Earth Day this year was a bigger day than most for Whole Foods Market, the supermarket chain known for selling “natural and organic” products. As of April 22, they officially stopped carrying several different types of seafood, including Atlantic halibut, octopus, tuna from certain areas and much more. The “restricted” seafood is red-rated, based on color-coded sustainability ratings that the grocer has been following for years. Colors range from green (best choice), yellow (good alternative) to red (not recommended).
Whole Foods uses ratings set by the conservation group Blue Ocean Institute and Monterey Bay Aquarium based in California. The color-coded ratings determine how sustainable a wild-caught species is. The ratings are based on how abundant a species is, how quickly it reproduces and whether the catch method damages its habitat.
For a few years, Whole Foods has displayed this rating system in the store for customers to make their own decisions about purchasing the fish, but now the grocer says it’s taking a more pro-active stance. The store will be offering tips and recipes to swap out popular recipes made with fish they no longer offer. This is part of a long-term initiative for which the company hopes to set an example.
“In the short term, we’ll be offering more sustainable options at our seafood counter and in our seafood departments, but in the long-term we hope to reverse trends of overfishing and move the industry towards greater sustainability,” said David Pilat, the global seafood buyer for Whole Foods.

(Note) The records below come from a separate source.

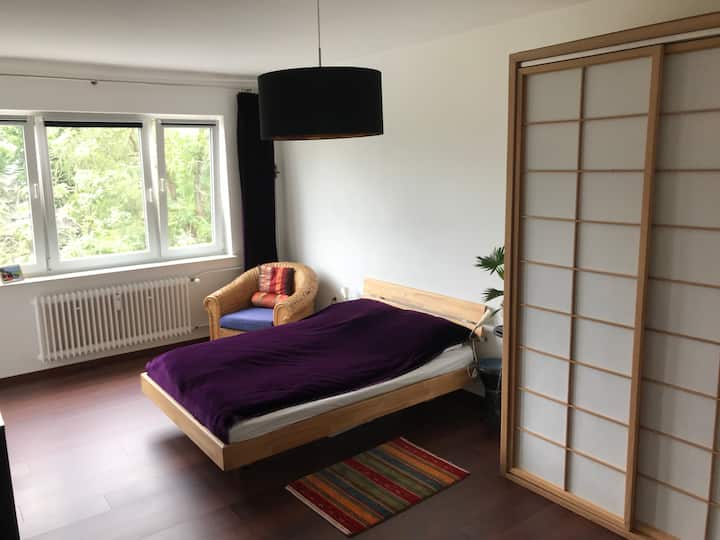 Schöne Ruhige 2 Zimmer Wohnung Mit Kleinem Balkon - برلين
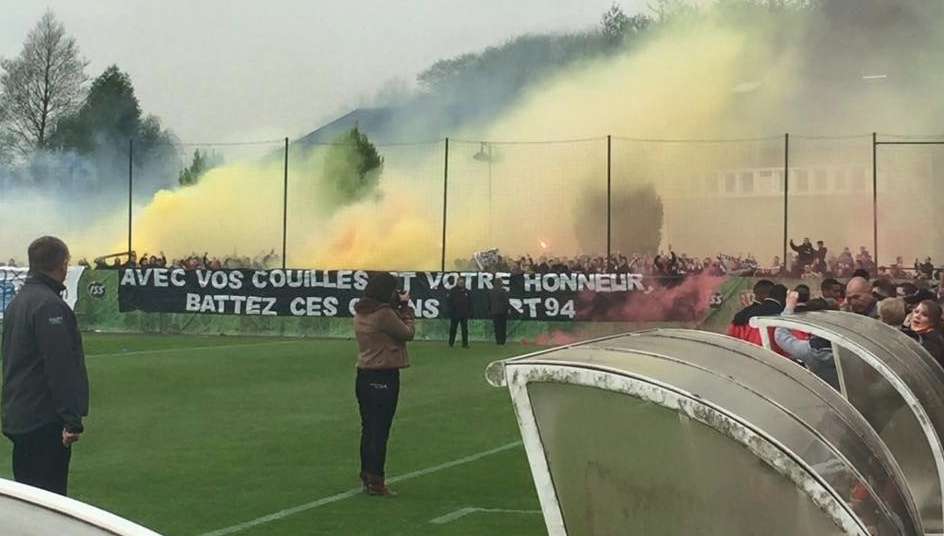 Photo : «<span style="font-size:50%">&nbsp;</span>Battez ces chiens !<span style="font-size:50%">&nbsp;</span>»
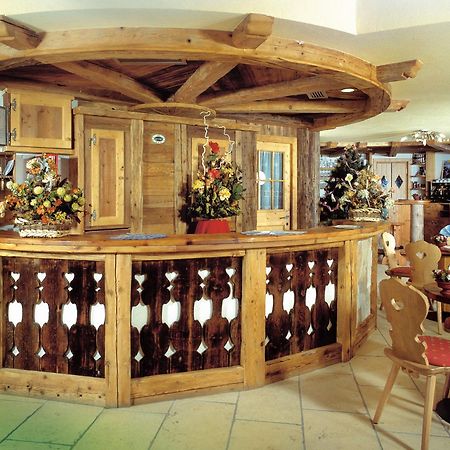 Hotel Bellevue Canazei Εξωτερικό φωτογραφία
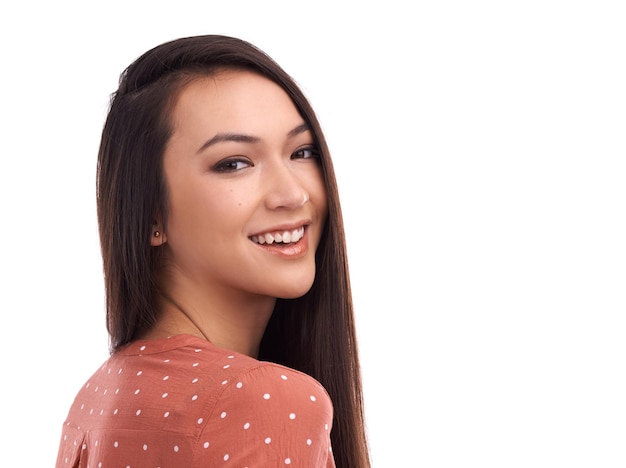 Hermosa mujer joven y sonrisa para perfil de belleza o empoderamiento contra un fondo de estudio blanco Retrato de una mujer aislada sonriendo en visión de felicidad o satisfacción sobre fondo blanco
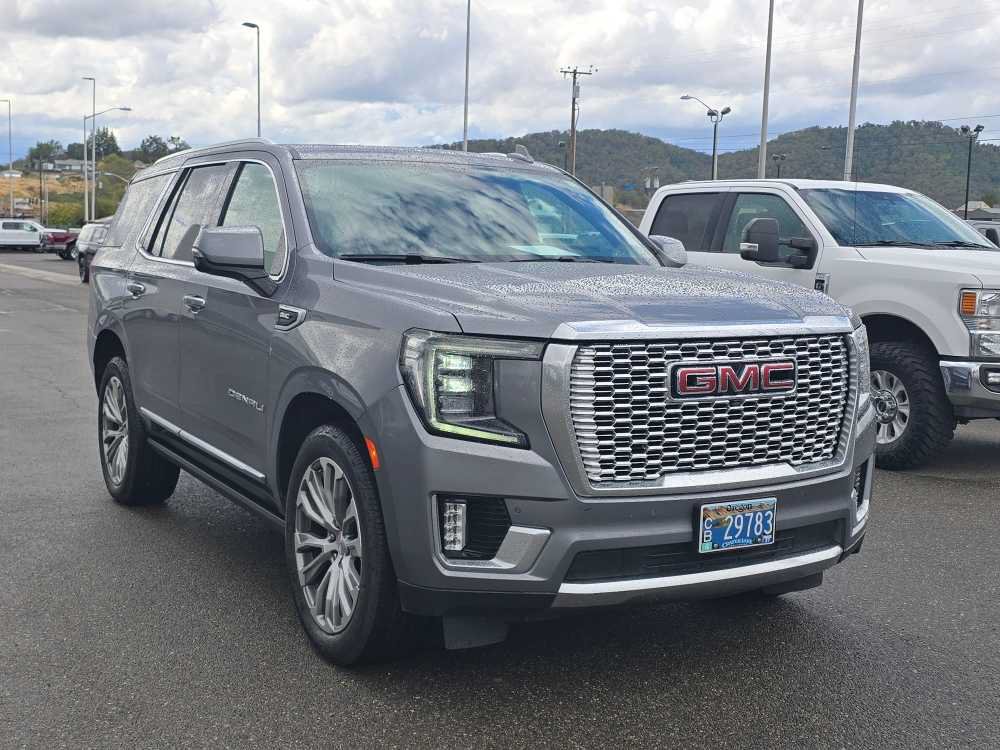 Used 2021 GMC Yukon Denali w/ Denali Premium Package AWD/4WD image 18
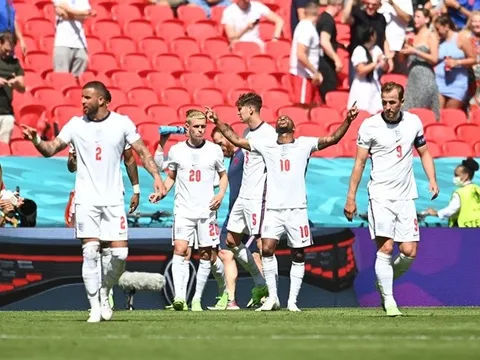 Từ 'zero' thành 'hero', Sterling giúp Anh đánh bại Croatia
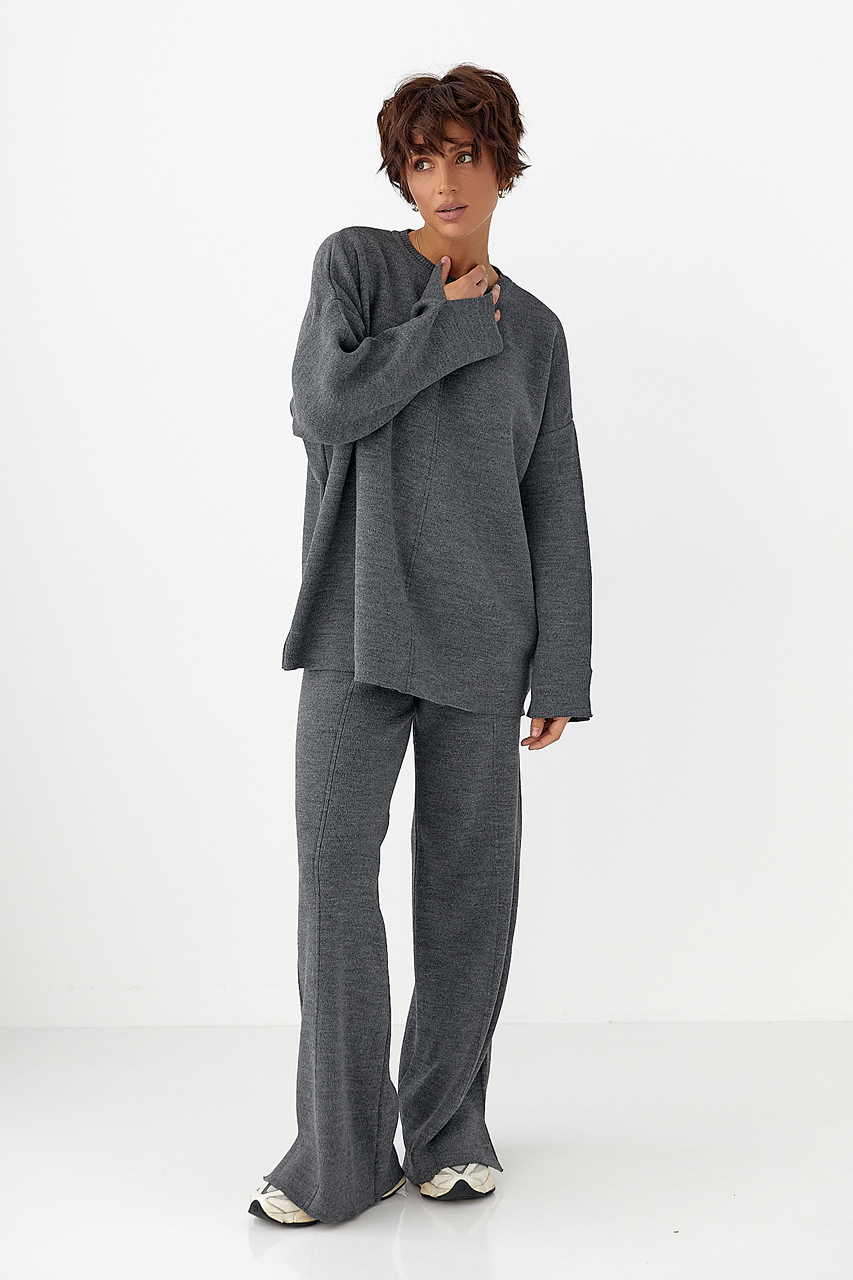 В'язаний костюм з вільною кофтою та широкими штанами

A few years ago, the company stopped selling several fish with extremely depleted numbers in the wild, such as orange roughy and bluefin tuna. Now shoppers will find that there are no longer the following items in the seafood department:
- Atlantic halibut,
- certain tuna,
- imported wild shrimp,
- trawl-caught Atlantic cod,
- and gray sole.
For this list along with photographs of each species, click here.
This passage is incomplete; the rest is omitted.